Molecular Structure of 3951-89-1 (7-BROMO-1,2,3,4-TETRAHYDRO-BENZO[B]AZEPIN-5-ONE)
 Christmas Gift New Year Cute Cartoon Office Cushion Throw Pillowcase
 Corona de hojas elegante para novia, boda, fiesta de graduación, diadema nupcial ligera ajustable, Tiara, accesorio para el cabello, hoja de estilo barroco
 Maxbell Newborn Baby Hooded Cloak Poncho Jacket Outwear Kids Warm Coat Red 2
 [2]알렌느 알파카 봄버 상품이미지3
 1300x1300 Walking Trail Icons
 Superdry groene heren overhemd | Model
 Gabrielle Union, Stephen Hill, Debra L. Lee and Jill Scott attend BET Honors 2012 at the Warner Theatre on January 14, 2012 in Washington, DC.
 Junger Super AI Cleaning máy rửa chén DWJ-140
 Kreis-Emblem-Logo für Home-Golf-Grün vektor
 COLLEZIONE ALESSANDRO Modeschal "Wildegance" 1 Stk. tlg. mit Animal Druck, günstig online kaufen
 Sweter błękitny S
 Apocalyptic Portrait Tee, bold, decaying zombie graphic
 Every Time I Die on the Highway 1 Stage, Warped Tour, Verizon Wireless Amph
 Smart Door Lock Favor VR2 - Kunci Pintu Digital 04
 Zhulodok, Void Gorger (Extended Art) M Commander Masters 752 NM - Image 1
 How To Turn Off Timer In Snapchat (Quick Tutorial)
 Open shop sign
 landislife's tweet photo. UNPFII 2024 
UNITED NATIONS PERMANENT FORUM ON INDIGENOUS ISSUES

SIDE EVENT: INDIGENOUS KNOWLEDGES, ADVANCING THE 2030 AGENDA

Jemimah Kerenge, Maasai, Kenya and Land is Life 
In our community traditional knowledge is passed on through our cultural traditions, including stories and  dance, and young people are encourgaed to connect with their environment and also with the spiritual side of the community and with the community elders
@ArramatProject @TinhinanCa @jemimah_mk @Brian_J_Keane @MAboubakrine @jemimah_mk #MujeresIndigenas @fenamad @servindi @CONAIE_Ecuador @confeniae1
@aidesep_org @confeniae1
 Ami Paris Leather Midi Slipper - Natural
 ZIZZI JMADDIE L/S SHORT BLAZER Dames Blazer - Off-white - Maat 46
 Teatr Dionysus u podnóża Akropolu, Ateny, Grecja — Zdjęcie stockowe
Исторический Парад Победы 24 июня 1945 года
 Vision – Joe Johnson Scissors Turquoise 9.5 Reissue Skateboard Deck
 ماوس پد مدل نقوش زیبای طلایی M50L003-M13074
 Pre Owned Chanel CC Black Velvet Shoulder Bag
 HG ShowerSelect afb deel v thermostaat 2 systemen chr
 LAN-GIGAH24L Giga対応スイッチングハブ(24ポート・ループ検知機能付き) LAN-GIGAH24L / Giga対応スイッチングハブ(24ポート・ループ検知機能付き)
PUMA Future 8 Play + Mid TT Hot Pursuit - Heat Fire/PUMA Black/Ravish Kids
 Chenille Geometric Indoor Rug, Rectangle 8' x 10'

________

## Problem requirements
Lines from the one holding "Sweter błękitny S" through the last line of the material are to be repeated exactly; no other lines belong in the answer.

## Response area
 Sweter błękitny S
 Apocalyptic Portrait Tee, bold, decaying zombie graphic
 Every Time I Die on the Highway 1 Stage, Warped Tour, Verizon Wireless Amph
 Smart Door Lock Favor VR2 - Kunci Pintu Digital 04
 Zhulodok, Void Gorger (Extended Art) M Commander Masters 752 NM - Image 1
 How To Turn Off Timer In Snapchat (Quick Tutorial)
 Open shop sign
 landislife's tweet photo. UNPFII 2024 
UNITED NATIONS PERMANENT FORUM ON INDIGENOUS ISSUES

SIDE EVENT: INDIGENOUS KNOWLEDGES, ADVANCING THE 2030 AGENDA

Jemimah Kerenge, Maasai, Kenya and Land is Life 
In our community traditional knowledge is passed on through our cultural traditions, including stories and  dance, and young people are encourgaed to connect with their environment and also with the spiritual side of the community and with the community elders
@ArramatProject @TinhinanCa @jemimah_mk @Brian_J_Keane @MAboubakrine @jemimah_mk #MujeresIndigenas @fenamad @servindi @CONAIE_Ecuador @confeniae1
@aidesep_org @confeniae1
 Ami Paris Leather Midi Slipper - Natural
 ZIZZI JMADDIE L/S SHORT BLAZER Dames Blazer - Off-white - Maat 46
 Teatr Dionysus u podnóża Akropolu, Ateny, Grecja — Zdjęcie stockowe
Исторический Парад Победы 24 июня 1945 года
 Vision – Joe Johnson Scissors Turquoise 9.5 Reissue Skateboard Deck
 ماوس پد مدل نقوش زیبای طلایی M50L003-M13074
 Pre Owned Chanel CC Black Velvet Shoulder Bag
 HG ShowerSelect afb deel v thermostaat 2 systemen chr
 LAN-GIGAH24L Giga対応スイッチングハブ(24ポート・ループ検知機能付き) LAN-GIGAH24L / Giga対応スイッチングハブ(24ポート・ループ検知機能付き)
PUMA Future 8 Play + Mid TT Hot Pursuit - Heat Fire/PUMA Black/Ravish Kids
 Chenille Geometric Indoor Rug, Rectangle 8' x 10'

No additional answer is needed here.